One of the horses, probably Samson, was now doing his damnedest to knock down the corral. Chad jerked in that direction, his back now completely toward her, and Angie gathered herself, getting up on her hands and knees, the toes of her boots digging into the mud—

—and another flash of lightning revealed the monster coming out of the trees, a huge black hulk padding forward with a swinging gait, head down, jaws popping with a hideous sound as if it were cracking bones. Chad turned around just in time to catch a glimpse of it, then she heard the choked shriek he gave as he hurled himself toward the horses.

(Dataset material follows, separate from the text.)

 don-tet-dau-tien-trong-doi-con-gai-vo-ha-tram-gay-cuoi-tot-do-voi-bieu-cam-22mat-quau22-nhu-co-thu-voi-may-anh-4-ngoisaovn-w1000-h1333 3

All the blood rushed from her head. She heard a buzzing noise, and even though the lightning kept flashing her vision kind of washed out, as if she were looking at a photograph faded almost beyond perception. She thought she might fall face forward in the mud, helpless, but if she made any movement the bear might see her and charge, so she forced herself to freeze there like a runner in the blocks, waiting for the monster to hurl itself after Chad and seize him in its popping jaws.

Instead, it raised one massive paw and swiped at Davis’s body. It shoved its snout against him, flipped him over. Davis’s legs and arms flopped like a rag doll’s. The bear circled him, bouncing up and down a little on its front paws. From behind the tents came the clatter of poles falling, a sound she’d heard so many times she knew exactly what it was. A rush of hoofs pounding on the ground, one of the horses with a dark form hunched on its back—Chad taking the horses, all of them, and running.

Leaving her alone there with the bear.

For a few seconds that felt like an eternity, she couldn’t force her panic-numbed brain to function. Then, slowly, she began to analyze the situation. The bear was … what … twenty, maybe thirty yards away? A bear didn’t have great eyesight. It had very good hearing and a stupendous sense of smell, but the rain and wind were coming at her from the bear’s direction. It couldn’t smell her. Its attention was on Davis’s body. It couldn’t see all that well anyway, and the rain further shielded her.